→ **EXERCISE INSTRUCTIONS**
From the line that contains "This article was" through the last line of the data, copy everything exactly and nothing else, omitting the pictures.

→ **DATA TO EXAMINE**
%%
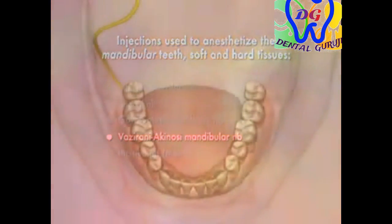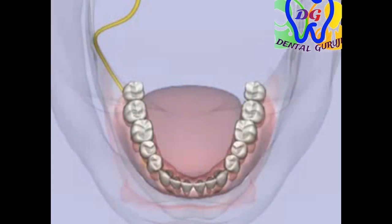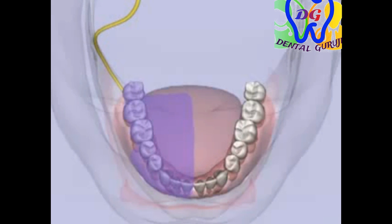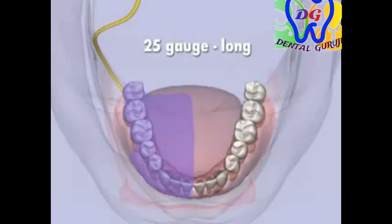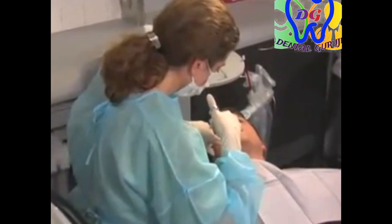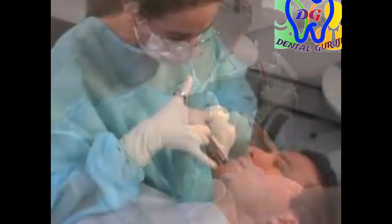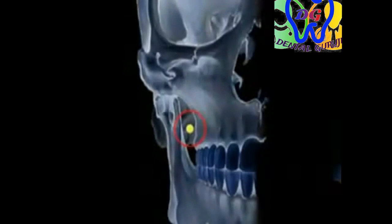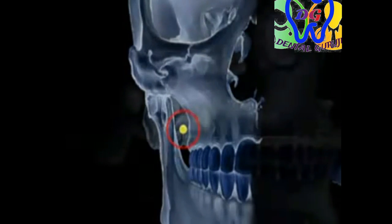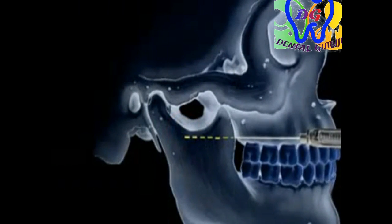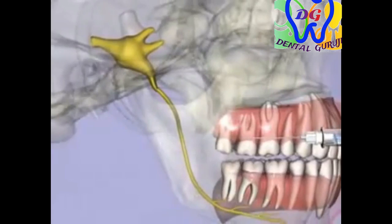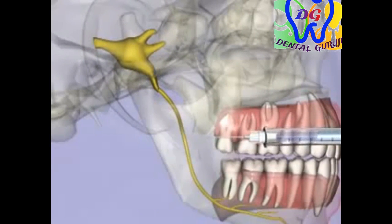The Vazirani-Akinosi closed-mouth mandibular nerve block provides anesthesia to the 8 mandibular teeth, the buccal soft tissue and bone anterior to the mental foramen, the anterior two-thirds of the tongue and the floor of the oral cavity, and the lingual soft tissues and periosteum. A 25-gauge long needle is recommended. For the right or left Vazirani-Akinosi nerve block, the right-handed operator should sit at the 8 o'clock position facing the patient. The needle is inserted into the soft tissue on the lingual aspect of the mandibular ramus adjacent to the mucogingival junction of the last maxillary molar. With the bevel facing away from bone, the syringe is inserted 25 millimeters.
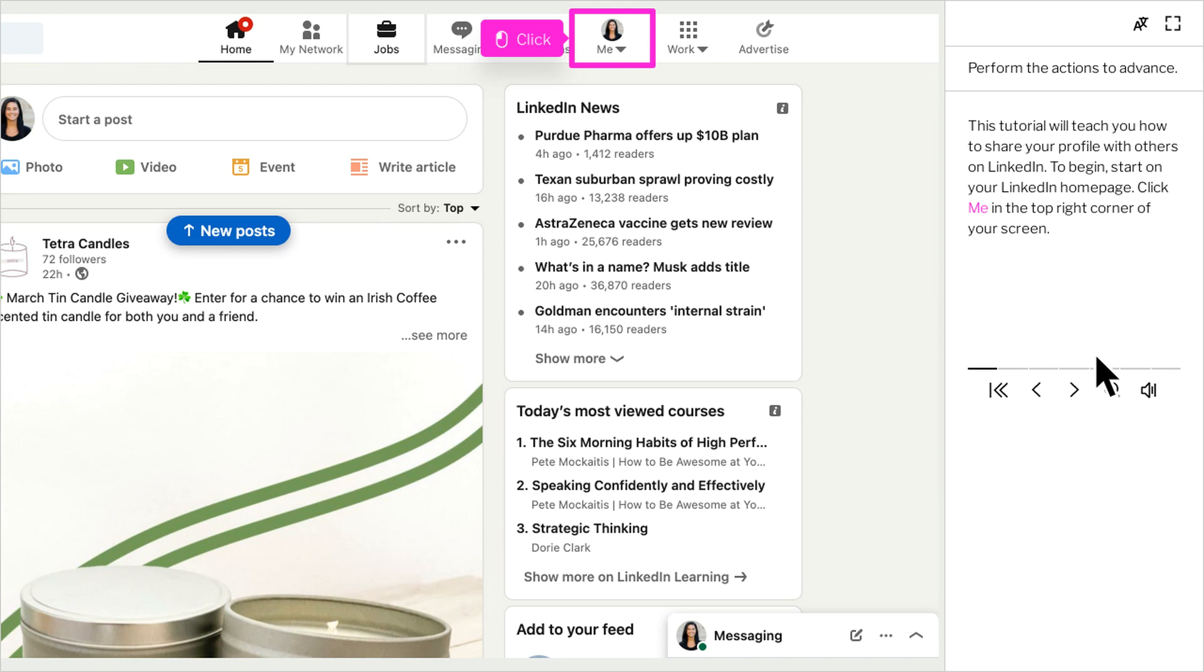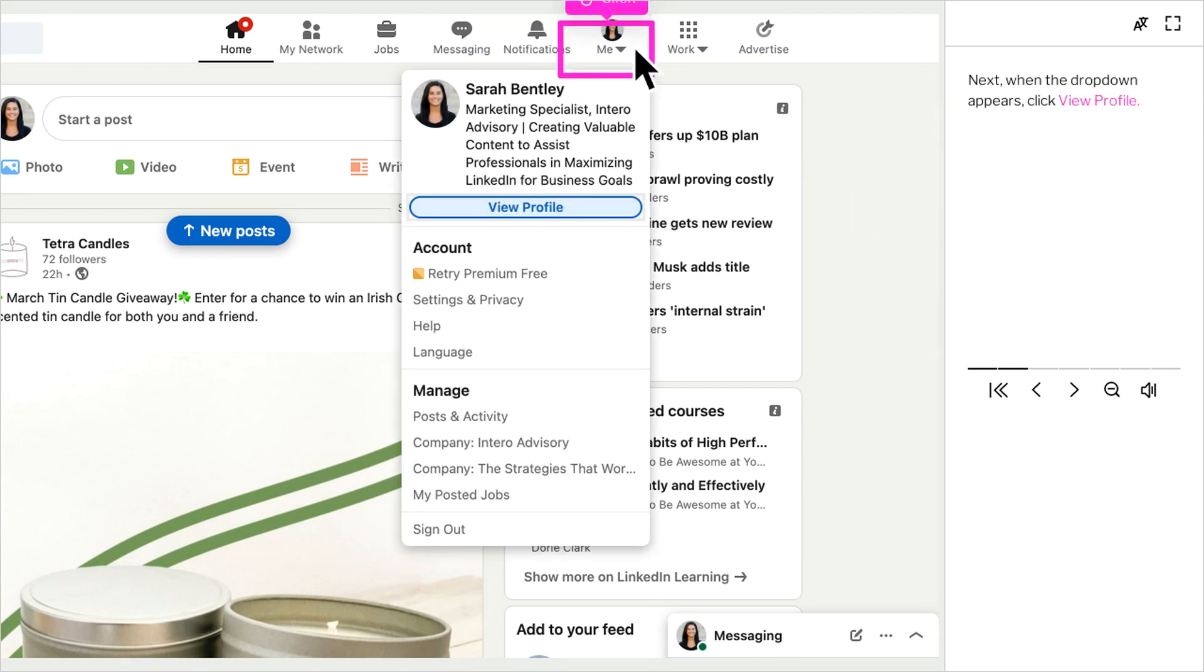Click me in the top right corner of your screen. Next, when the dropdown appears, click view profile.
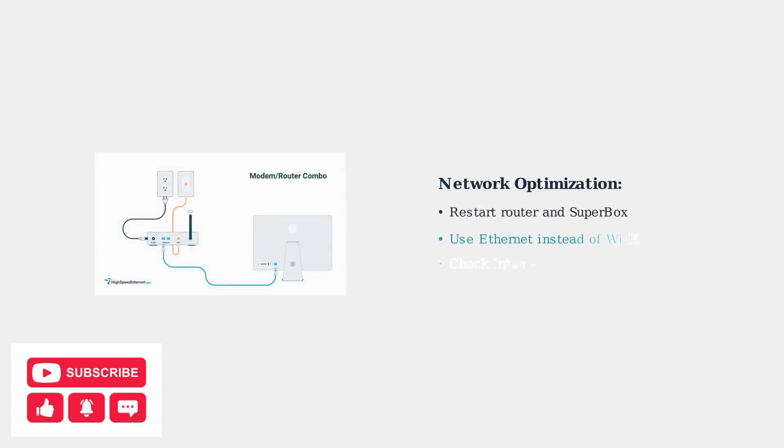Audio issues can also stem from poor internet connectivity. Restart your router and Superbox, or switch from Wi-Fi to a wired ethernet connection for better stability.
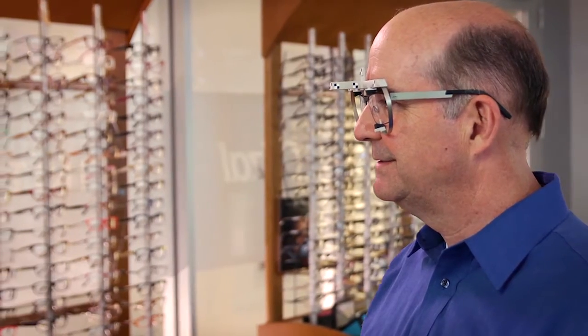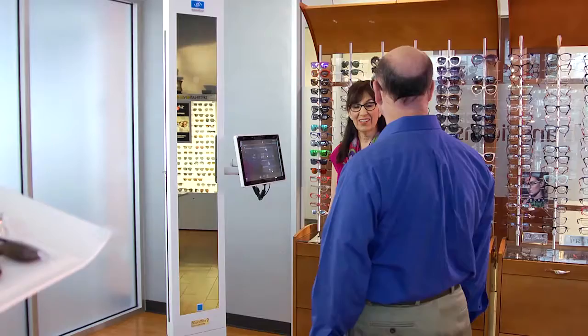Since we're ordering one of our most advanced, personalized, progressive lenses for you, we're going to take another measurement. But you can wear your own prescription lenses for this, okay?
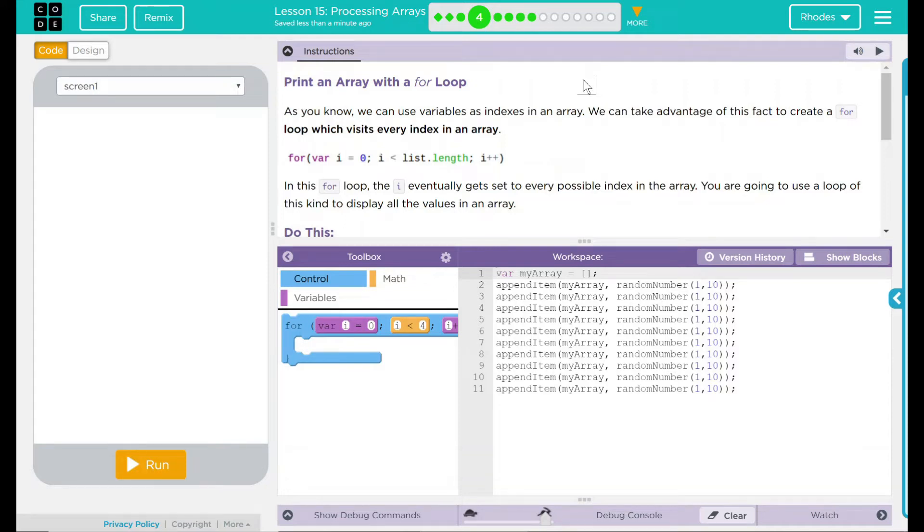Hey kids, welcome to lesson 15, Processing Arrays. Print an array with a for loop.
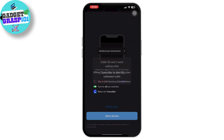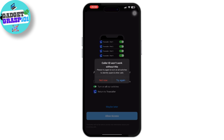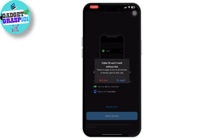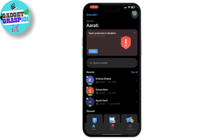Truecaller will require access to your phone's calls and contacts to work effectively. Make sure to grant these permissions when prompted. Once you enable the Truecaller ID, Truecaller will identify incoming calls in real time. If the number is in its database, you will see the caller's name and possibly additional information like spam or business tags displayed on your screen.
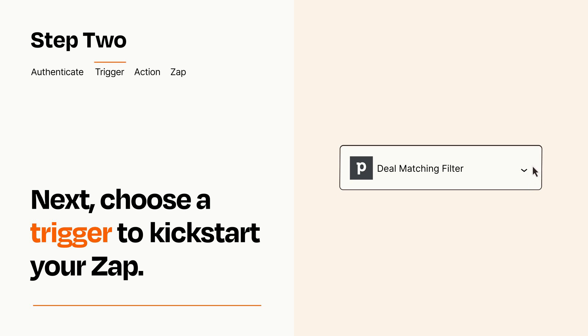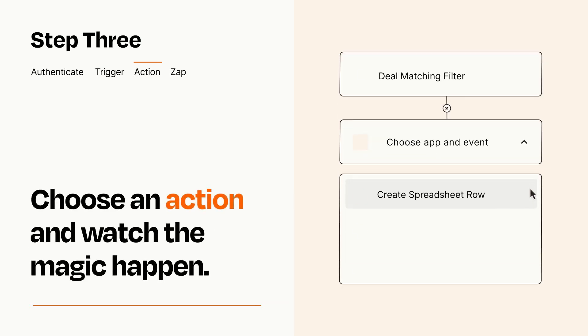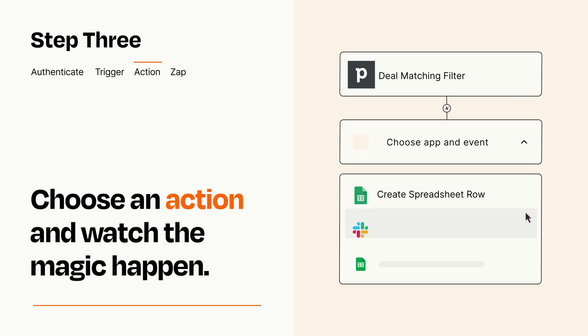This last part is where the magic happens. Choose the action you want to happen in your target app.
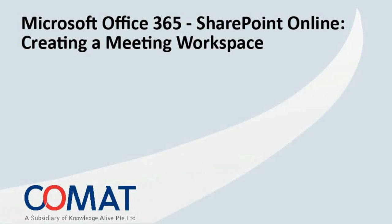Welcome to SharePoint 2010 tutorial. In this video, you are going to learn how to create a meeting workspace.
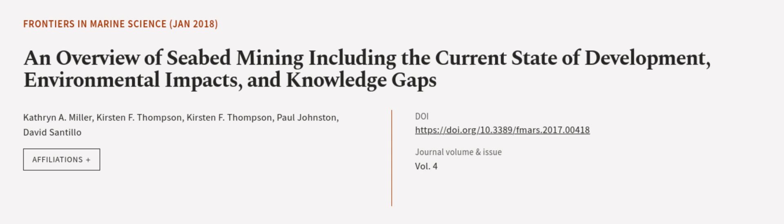This article was authored by Catherine A. Miller, Kirsten F. Thompson, and others. We are article.tv, links in the description below.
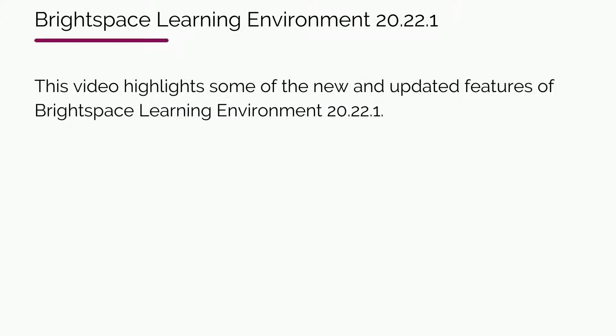This video highlights some of the new and updated features of Brightspace Learning Environment 20.22.1.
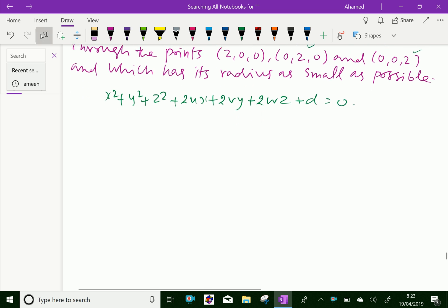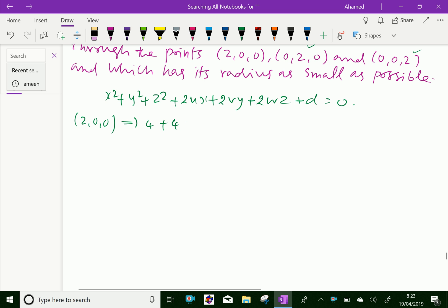Now let us substitute the given points. First is (2, 0, 0), which gives 2 squared is 4, and y and z are 0. Therefore, 4 plus 4u plus d equals 0, which gives u equal to minus 1 minus d by 4.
%%
→ **WRITTEN REPLY**
This article was authored by Catherine A. Miller, Kirsten F. Thompson, and others. We are article.tv, links in the description below.
This video highlights some of the new and updated features of Brightspace Learning Environment 20.22.1.
Now let us substitute the given points. First is (2, 0, 0), which gives 2 squared is 4, and y and z are 0. Therefore, 4 plus 4u plus d equals 0, which gives u equal to minus 1 minus d by 4.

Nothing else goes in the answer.